Downtime has been a bugbear for organizations every since IT systems first started to be used, but according to a University of Chicago study, the causes of downtime are still often unknown. Doron Pinhas asks why this is still the case and looks at improvements that can be made.
Benjamin Franklin said: “Three may keep a secret, if two of them are dead.” Yet there are apparently some secrets time hasn't revealed – yet. One thing we haven't figured out is why service outages occur! A study by the University of Chicago, listing the usual reasons one would expect to see for outages concludes that the biggest reason for outages is – ‘unknown’.
That's especially telling, since IT activities, one would presume, are recorded in log files, and lend themselves to analysis. The study examined hundreds of service outages at companies that provide services via the cloud. And while the ‘usual suspects’ - bugs, upgrades, network or power issues, etc. - figured significantly, ‘unknown’ was still the single largest reason reported by IT administrators for outages. Meaning that even after a thorough, even forensic investigation, they couldn't figure out what caused the outage.
That's unacceptable, because outages can cost companies millions, and without knowledge of what caused an outage, there is no way to know how to prevent the next one.
As we all know, downtime is costly: but it's not just about the money; outages can mean a loss of reputation if the service is consumer facing (banking, finance, insurance, for example). Customers expect 24/7 availability in many cases, and when they don't get it, they tend to vent, often complaining on social media. For companies where the service outage is internal, the cost could be high in reduced motivation, greater frustration, and lower productivity from employees. And if the service offered is available to a restricted professional community – which is likely to be paying for access to it – it's a given that when news gets out about the outage, the service's competitors will be lining up to convince customers to go with their ‘more reliable’ offering.
So, there is a great deal at stake for companies in preventing outages – and one can be sure they are throwing all resources possible into making sure they do not happen. Yet ‘unknown’ remains the biggest reason for outages – meaning that with all of their efforts, companies are not getting to the bottom of the problem, nor are they coming up with ways to guarantee they do not happen again.
Why is it so difficult to track down the cause of outages? Because in a typical, complex, modern IT infrastructure, new features are introduced all the time, and must be configured correctly across all IT layers (compute, storage, networking, orchestration) in order to achieve resilience.

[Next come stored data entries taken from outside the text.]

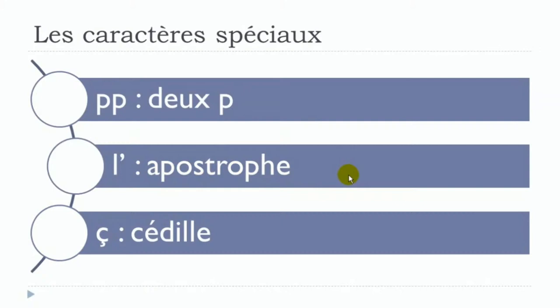And the last one for this lesson: you can see that in some cases we'll see why a bit later, but still you can have this little thing beneath the C. That's what we call cédille. C cédille, cédille: C cédille.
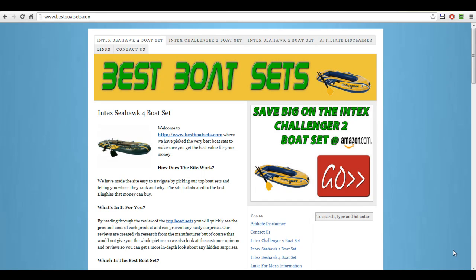Hi guys, Chris here from AzonDominator. I thought I'd do you a quick video because we're sort of into the new year now, getting back into it. And obviously with Amazon you'll be looking more at all year round products and so on. So I thought I'd start the year off and give you a checklist — something that you can follow, a sort of half action plan, half checklist of things to tick off when you're building the sites.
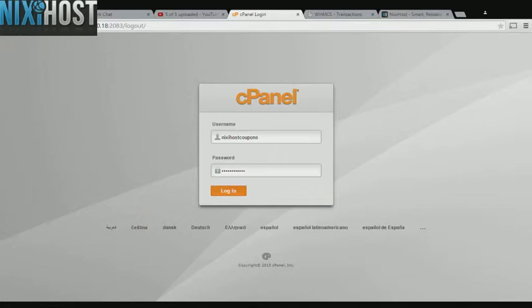This Nixie Host tutorial will show you how to install Tiki Wiki CMS groupware using Softaculous in cPanel. We'll begin by logging into cPanel.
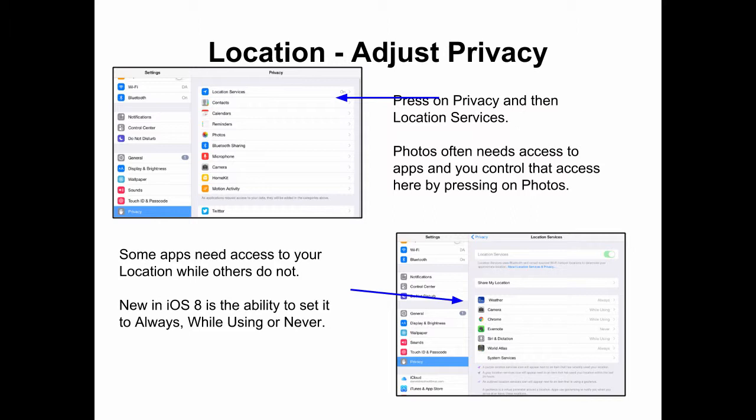Some apps absolutely need access to your photos, while others you maybe don't need to provide access. Under Privacy are Location Settings — you can determine which apps are accessing your location. New in iOS 8 is the ability to set it to Always, While Using, or Never. You control it all here.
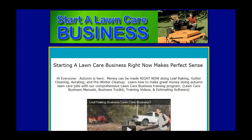Hi, everyone. This is Keith with Startalawncarebusiness.com. I just want to take a couple of minutes to talk about security cameras that you can use for your lawn care business.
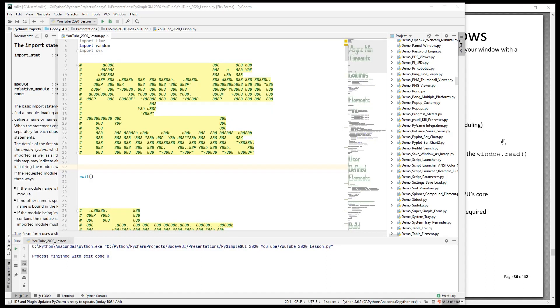Hi, and welcome back to PySimpleGUI 2020. We're on lesson eight, which is asynchronous windows.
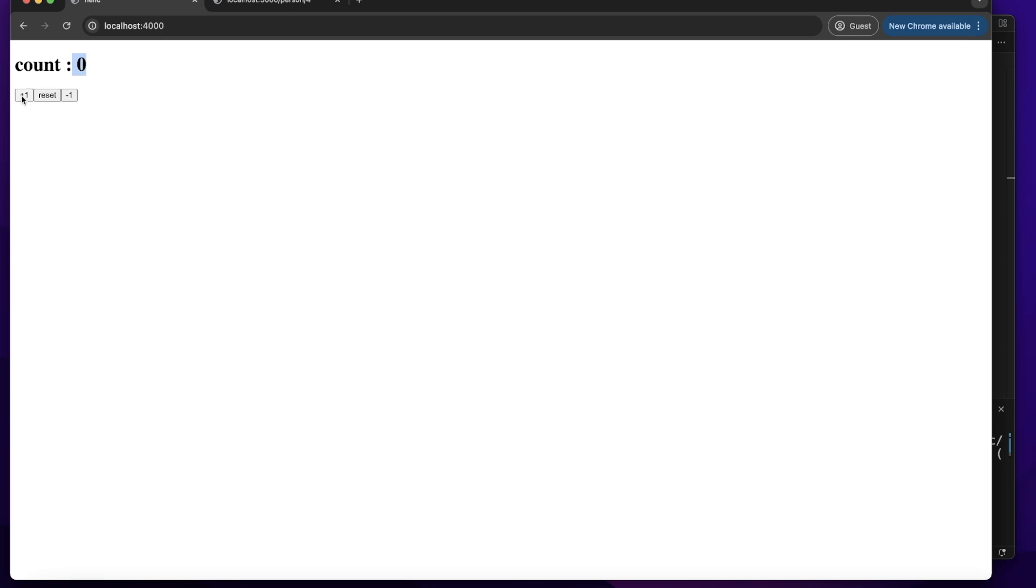Let's click this plus 1. It will increase count's value by 1 every time. Let's click this minus 1 button. It will decrease count's value by 1 every time we click this button. Let's click this reset button. It will reset count's value to 0.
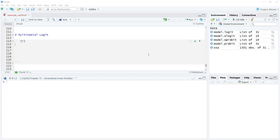This is where we have an outcome variable that is categorical and not ordered. We looked previously at binary and then ordered, and this is the next step: unordered. Within social science we do frequently have nominal variables and there are times when we want to use them as outcome variables.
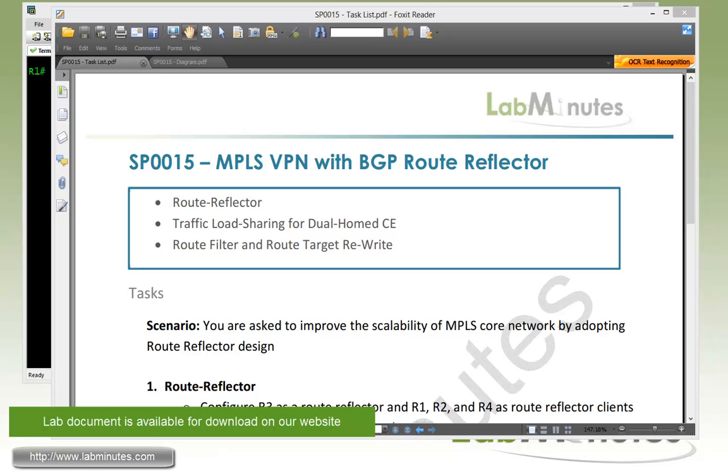Welcome to labmins.com and our lab video series on MPLS. You can find a complete list of MPLS videos on our website by clicking on the link above and sign up for our newsletters to receive the latest video updates.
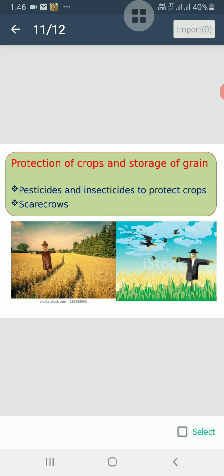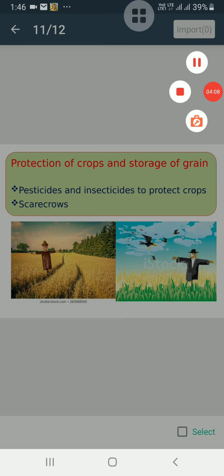So students, the food that we eat is grown in the fields and it comes under various stages. Plants and animals are the major sources of our food. So, today we have learnt about agriculture. Now solve your worksheet.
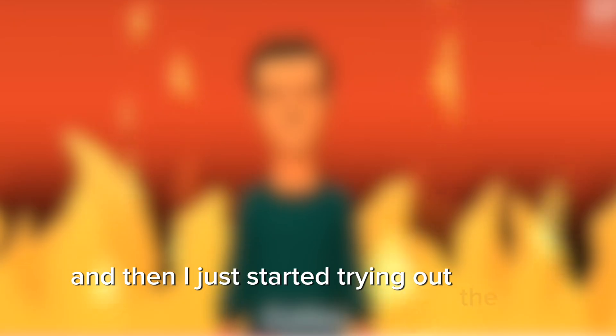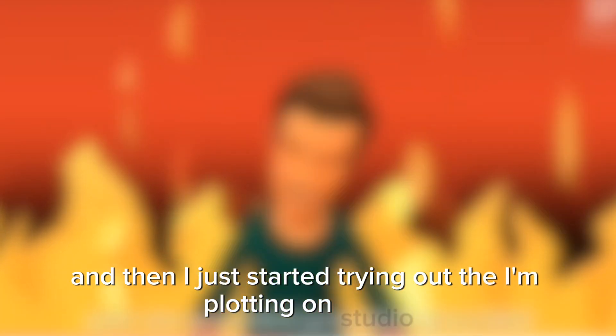I'm sorry. I'm sorry I couldn't be there. I'm very, I very apologize for making Plotagon videos. And then I just started trying out the Plotagon Studio.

A prodigious task to begin with, is further complicated by the almost daily stream of updates and changes made by in-house and third-party IT teams, some of which can negatively affect the system in unpredicted ways as well as lead to misconfigurations. Due to the online nature of most modern applications, it isn't possible to pause for thorough testing after each change – so it’s no wonder the risk remains an unknown quantity. As a result, maintaining the highest levels of IT resilience is becoming increasingly harder. In one sense, it's a disaster waiting to happen.
What can be done? It's obvious that human IT personnel can't solve this. There are just too many things to look for, too many potential points of failure. If an IT team were to try and figure out the reason for an outage on their own, it could potentially take months – and with the costs of outages so high and ‘three 9's’ uptime – or more - demanded today, that obviously won't fly.
Instead, IT teams need to implement the right processes, and introduce quality assurance automation by utilizing tools that can do the detective work for them. Fortunately, there are today excellent IT resilience assurance tools that can automatically parse through systems and determine where a point of failure has been introduced, and ensure three 9 service. Key capabilities to look for in these tools include support for a wide set of IT layers and technology stacks; the ability to connect to existing ITSM and CMDB tools, and to provide business awareness, and built-in libraries of industry best practices and knowledge.
When IT downtime strikes, there's a tendency to over-analyze the incident – with teams poring through log files, conducting a forensic investigation into what happened, and how to make sure it doesn't happen again. It's an understandable, perhaps even natural, response – but as we've seen, there's little to be gained from this kind of retrospection. Instead, the takeaway IT teams should take from an outage is that they need to adopt a proactive approach in order to prevent another outage – ensuring that all bases are covered, so that any potential outage is nipped in the bud before it even happens.
It's not just about adopting the appropriate tools; it's about adopting an appropriate attitude – moving from trying to figure out the unknown and groping about in the dark for answers, to adopting a system that can measure and predict the variables that cause outages. It's a journey from the unknown to the known – and with that knowledge, organizations can ensure that they don't become victims of outages.
Doron Pinhas is CTO of Continuity Software.